> _RECORDS FOR THIS EXERCISE_:
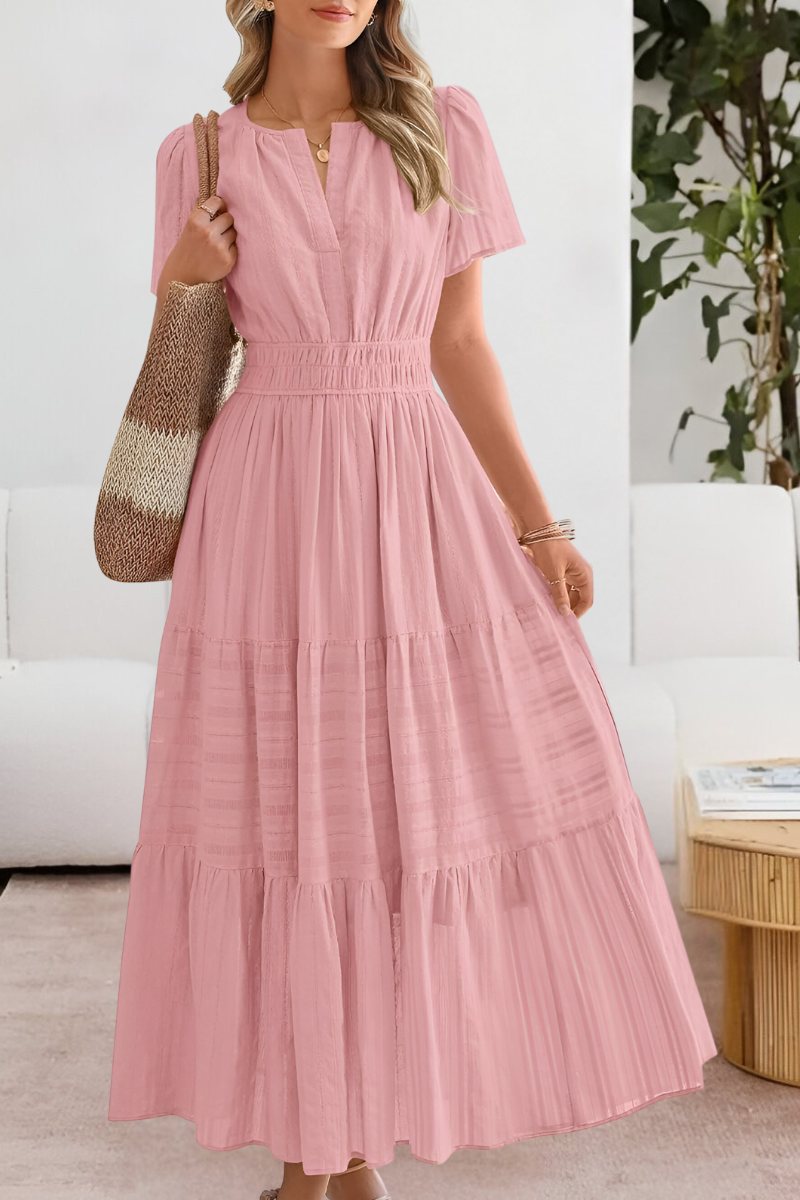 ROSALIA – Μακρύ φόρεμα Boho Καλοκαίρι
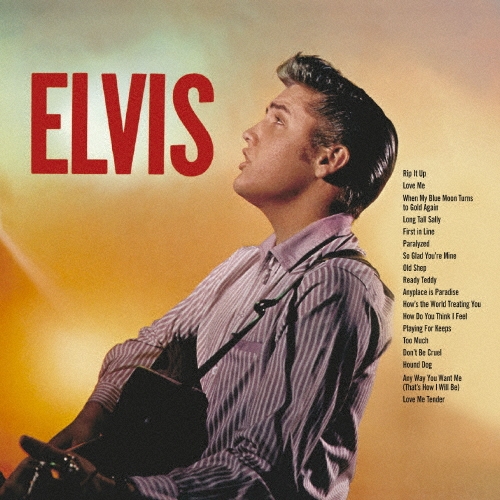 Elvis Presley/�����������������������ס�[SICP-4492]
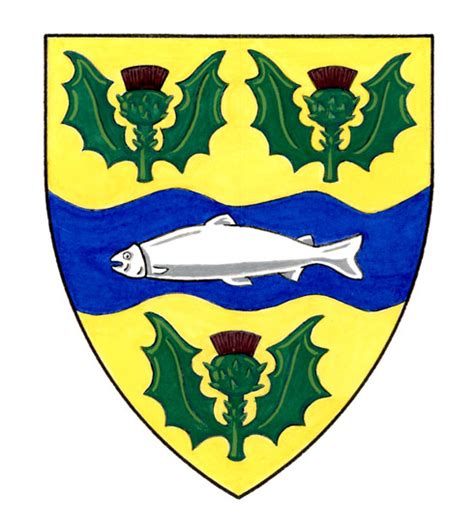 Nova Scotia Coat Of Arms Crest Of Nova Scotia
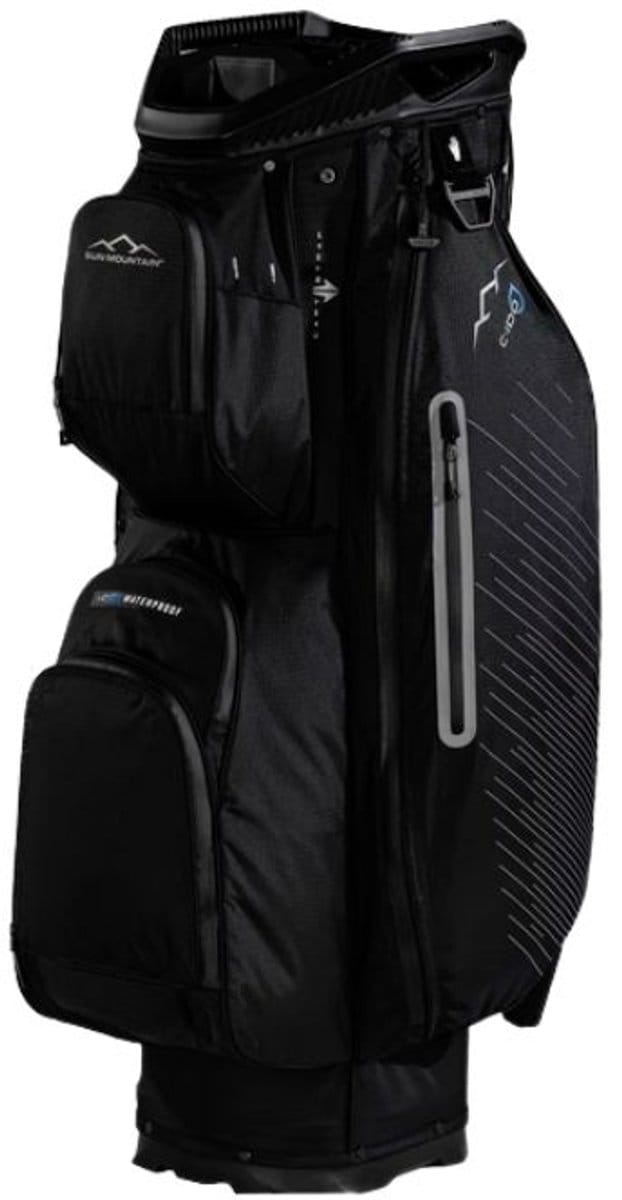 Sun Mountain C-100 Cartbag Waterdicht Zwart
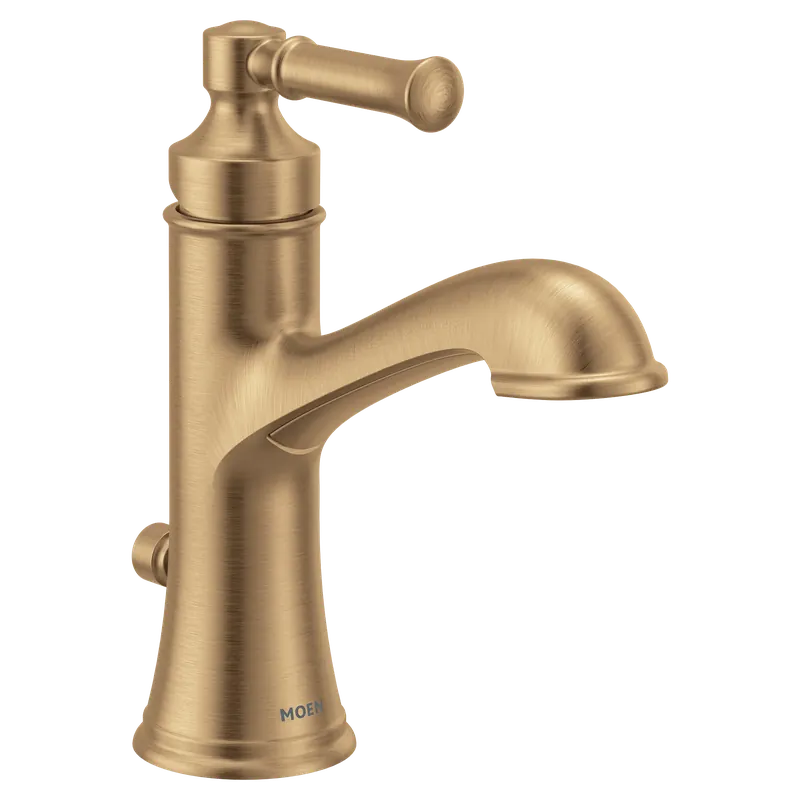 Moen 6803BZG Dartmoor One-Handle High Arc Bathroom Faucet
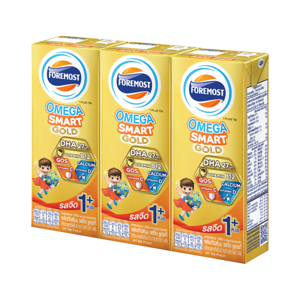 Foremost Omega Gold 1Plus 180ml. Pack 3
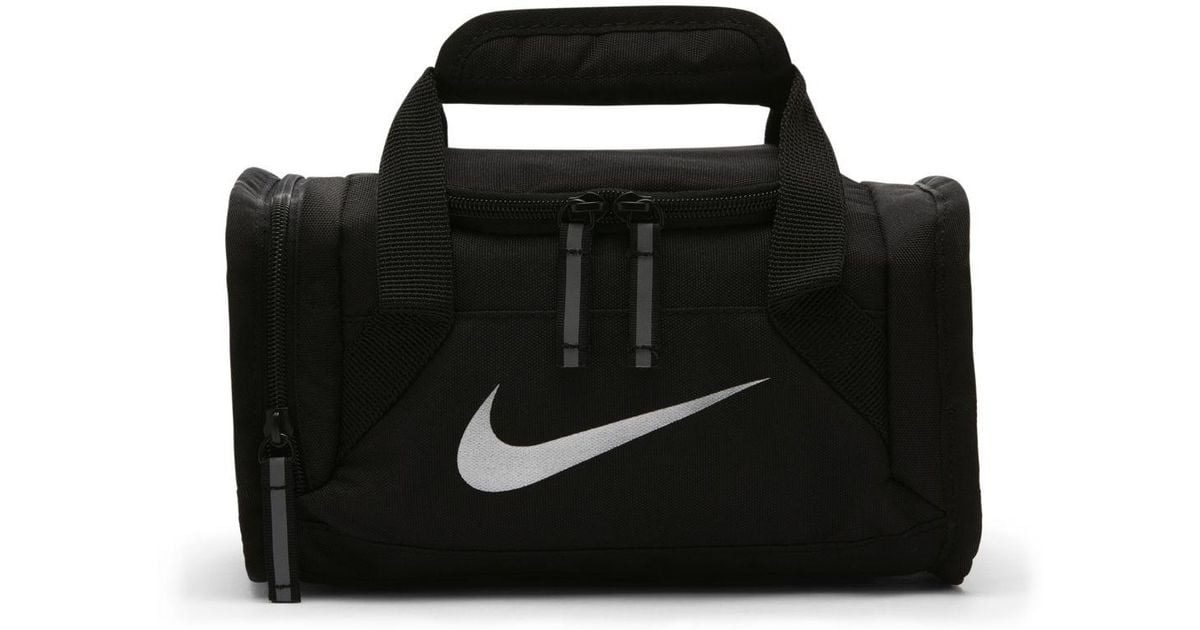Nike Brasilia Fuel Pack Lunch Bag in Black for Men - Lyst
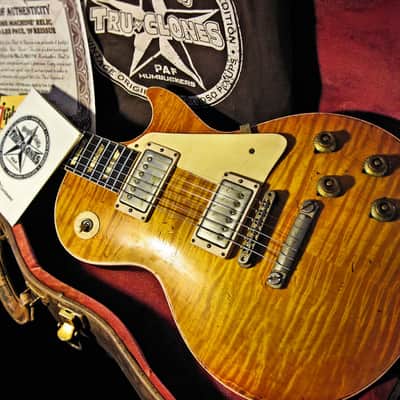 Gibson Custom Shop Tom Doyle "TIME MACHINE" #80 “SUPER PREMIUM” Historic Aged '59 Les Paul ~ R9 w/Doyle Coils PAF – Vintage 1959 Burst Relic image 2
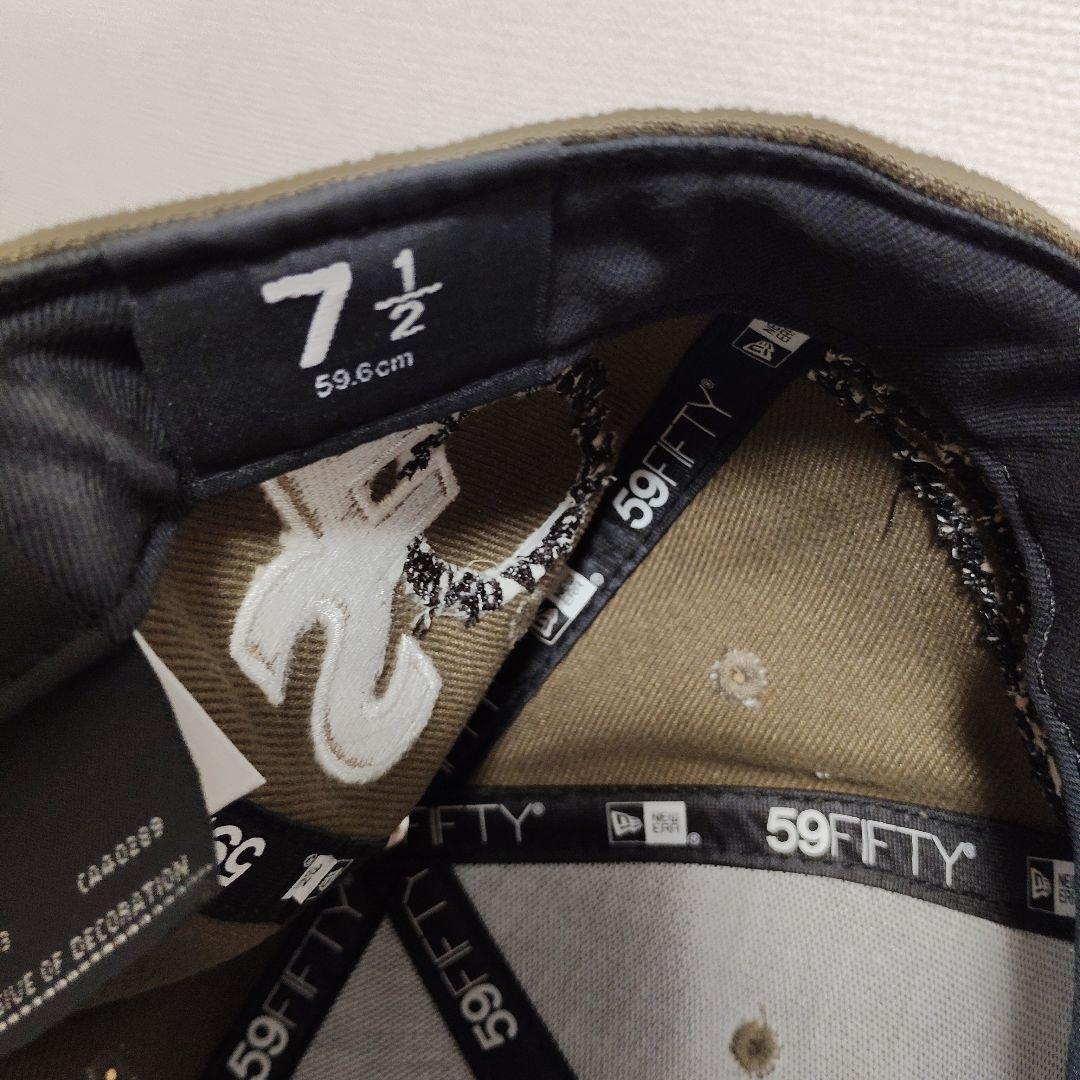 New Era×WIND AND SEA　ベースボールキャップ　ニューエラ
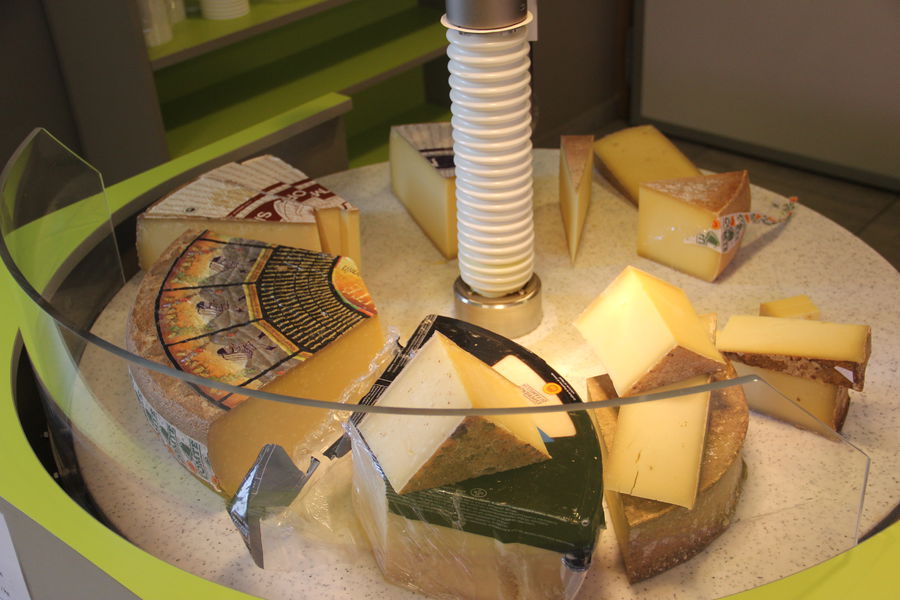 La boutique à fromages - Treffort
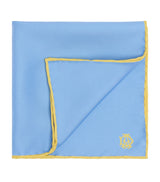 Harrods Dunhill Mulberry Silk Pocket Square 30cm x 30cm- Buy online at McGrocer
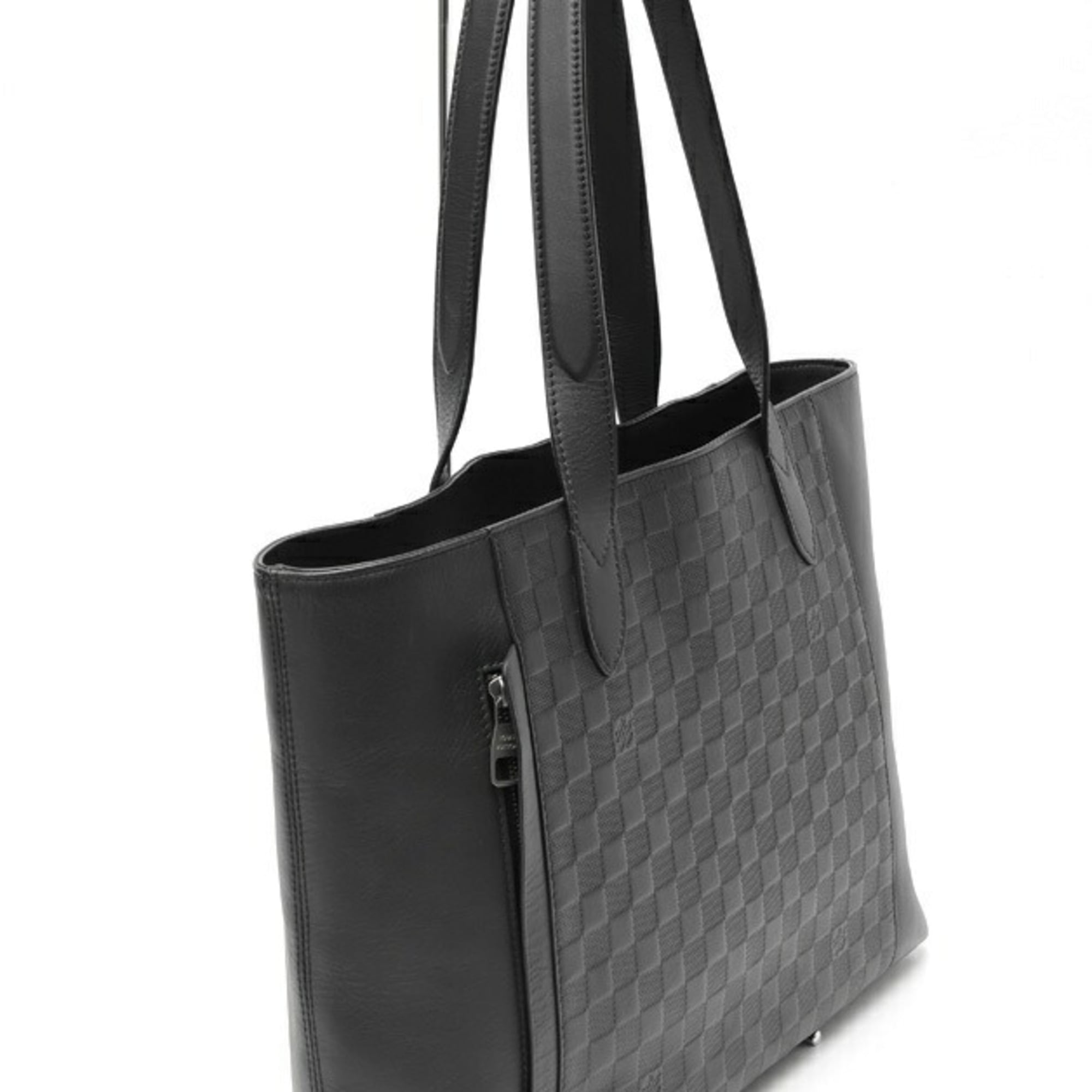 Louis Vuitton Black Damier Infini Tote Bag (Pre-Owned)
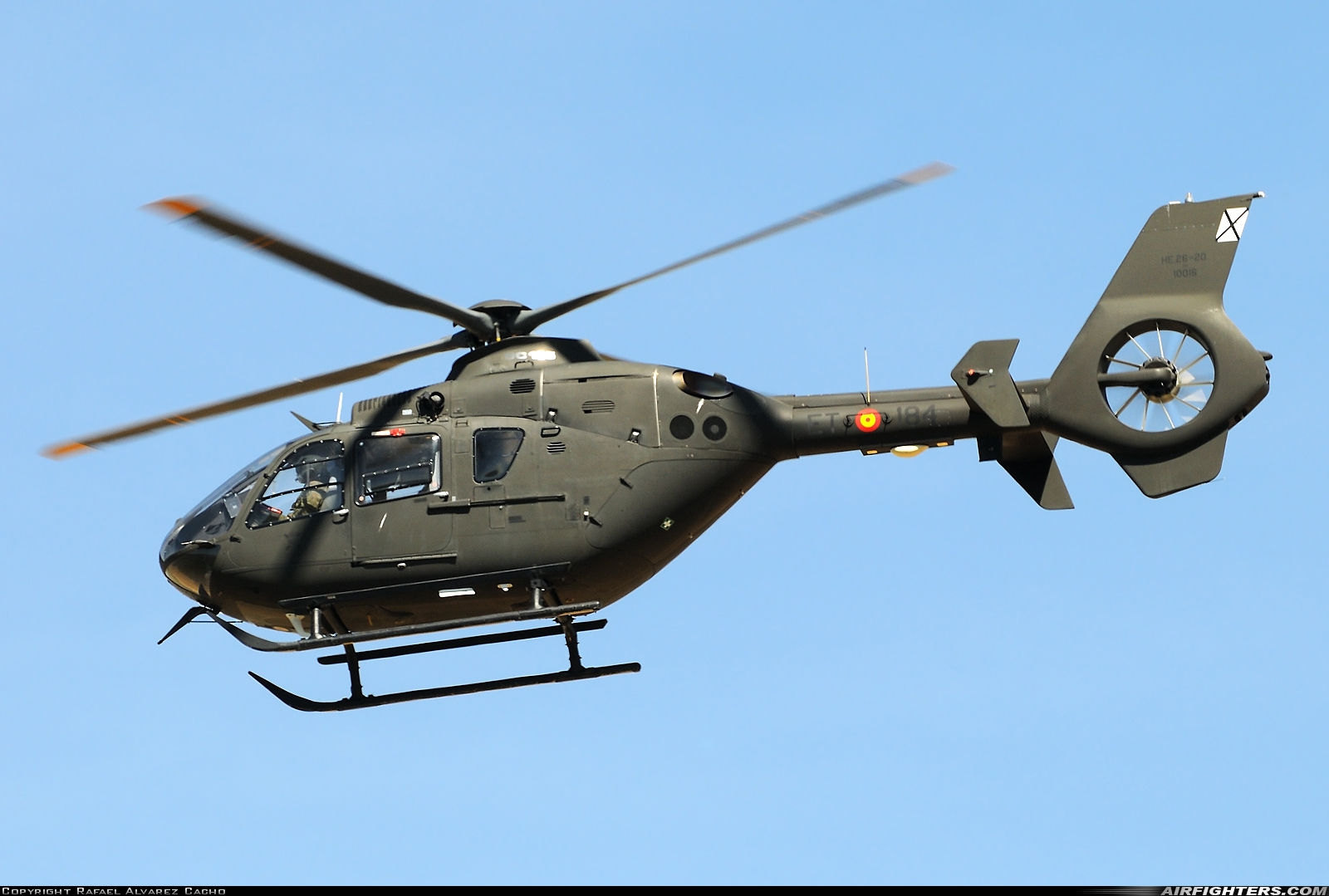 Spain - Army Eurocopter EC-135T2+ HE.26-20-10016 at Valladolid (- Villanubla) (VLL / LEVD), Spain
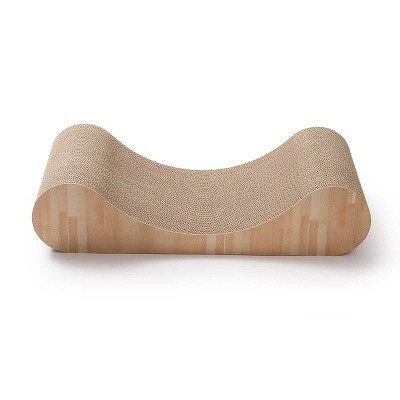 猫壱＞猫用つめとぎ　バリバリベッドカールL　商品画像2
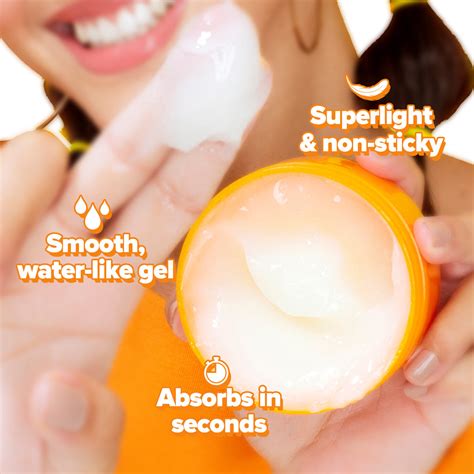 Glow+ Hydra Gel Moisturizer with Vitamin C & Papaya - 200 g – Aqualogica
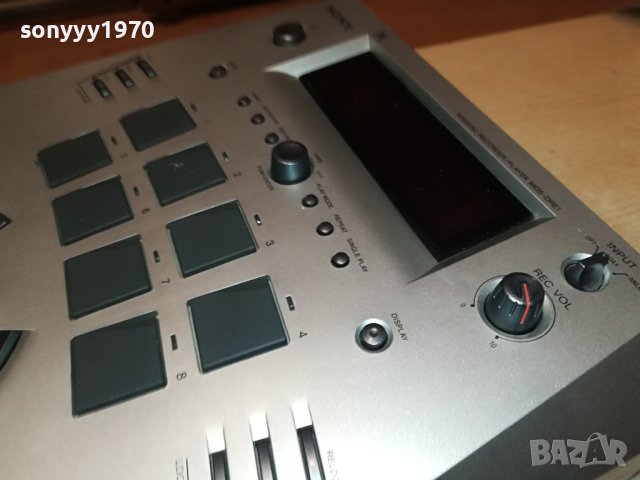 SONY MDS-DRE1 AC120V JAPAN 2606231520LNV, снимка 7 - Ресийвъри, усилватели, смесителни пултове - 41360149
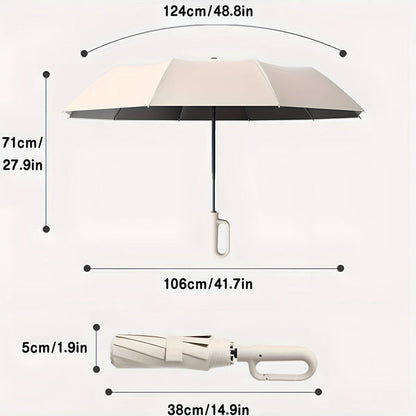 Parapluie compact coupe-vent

> _TO DO_: Nothing should appear in the reply except the lines from the start of the listing above through the line with "Nike Brasilia Fuel", repeated exactly and free of pictures.

> _OUTPUT_:
 ROSALIA – Μακρύ φόρεμα Boho Καλοκαίρι
 Elvis Presley/�����������������������ס�[SICP-4492]
 Nova Scotia Coat Of Arms Crest Of Nova Scotia
 Sun Mountain C-100 Cartbag Waterdicht Zwart
 Moen 6803BZG Dartmoor One-Handle High Arc Bathroom Faucet
 Foremost Omega Gold 1Plus 180ml. Pack 3
Nike Brasilia Fuel Pack Lunch Bag in Black for Men - Lyst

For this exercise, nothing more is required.